R. c. Grant, 2009 CSC 32, [2009] 2 R.C.S. 353
[41] Comme nous l’avons vu précédemment, le fait qu’un policier patrouilleur pose des questions générales ne constitue pas une menace à la liberté de choix. Par contre, poser ce type de questions peut conduire à des situations où les préoccupations générales de police communautaire cèdent le pas aux soupçons à l’égard d’un individu en particulier. Les soupçons ne transforment pas en soi le contact en détention. Ce qui compte, c’est la façon dont la police, compte tenu de ces soupçons, a interagi avec l’individu. Le libellé de la Charte ne limite pas la détention aux situations où une personne risque d’être mise en état d’arrestation. Cependant, ce facteur peut aider à déterminer si, dans une situation donnée, une personne raisonnable conclurait qu’elle n’a d’autre choix que d’obtempérer à la demande des policiers. Ces derniers doivent être conscients que leurs gestes et leurs paroles peuvent créer une situation où une personne raisonnable, dans la même situation, conclurait en effet qu’elle n’est pas libre de s’en aller ou de refuser de répondre aux questions.
[42] La durée du contact censé constituer une détention peut être un facteur pertinent. Prenons l’exemple d’une policière qui poserait sa main sur le bras d’un individu. Si ce geste dure, il pourrait fort bien amener une personne raisonnable à conclure que sa liberté de choisir entre collaborer ou non lui a été retirée, ce que ne ferait peut‑être pas un effleurement, compte tenu des circonstances. Il faut cependant se rappeler qu’une situation peut évoluer rapidement et qu’un seul acte ou mot percutant peut induire une personne raisonnable à conclure qu’elle n’a plus le droit de choisir comment répondre à la situation.

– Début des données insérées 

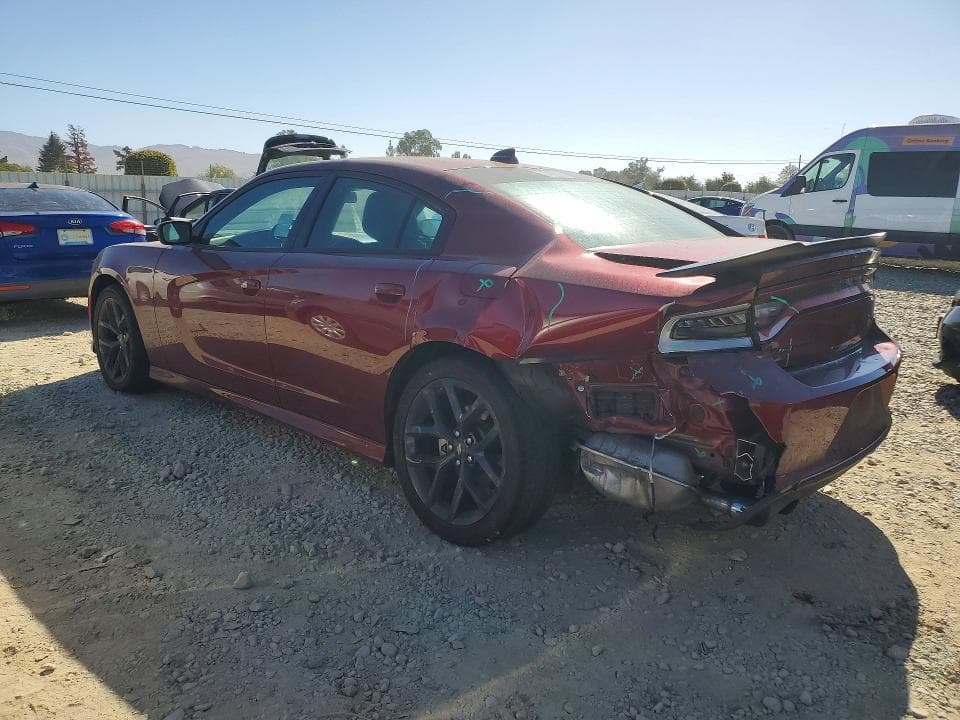 2023 DODGE CHARGER GT 2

[43] Rappelons, d’une part, que la question de savoir si la personne a été privée du droit de choisir de simplement quitter les lieux dépend de toutes les circonstances de l’affaire et, d’autre part, qu’il appartient au juge du procès de la trancher en fonction de l’ensemble de la preuve. S’il est vrai qu’il faut faire preuve de déférence à l’égard des conclusions de fait du juge du procès, l’application du droit aux faits constitue une question de droit.
[44] En résumé, nous arrivons aux conclusions suivantes :
1. La détention visée aux art. 9 et 10 de la Charte s’entend de la suspension du droit à la liberté d’une personne par suite d’une contrainte physique ou psychologique considérable. Il y a détention psychologique quand l’individu est légalement tenu d’obtempérer à une demande contraignante ou à une sommation, ou quand une personne raisonnable conclurait, compte tenu de la conduite de l’État, qu’elle n’a d’autre choix que d’obtempérer.
2. En l’absence de contrainte physique ou d’obligation légale, il peut être difficile de savoir si une personne a été mise en détention ou non. Pour déterminer si une personne raisonnable placée dans la même situation conclurait qu’elle a été privée par l’État de sa liberté de choix, le tribunal peut tenir compte, notamment, des facteurs suivants :
a) Les circonstances à l’origine du contact avec les policiers telles que la personne en cause a dû raisonnablement les percevoir : les policiers fournissaient‑ils une aide générale, assuraient‑ils simplement le maintien de l’ordre, menaient‑ils une enquête générale sur un incident particulier, ou visaient‑ils précisément la personne en cause dans le cadre d’une enquête ciblée?
b) La nature de la conduite des policiers, notamment les mots employés, le recours au contact physique, le lieu de l’interaction, la présence d’autres personnes et la durée de l’interaction.
c) Les caractéristiques ou la situation particulières de la personne, selon leur pertinence, notamment son âge, sa stature, son appartenance à une minorité ou son degré de discernement.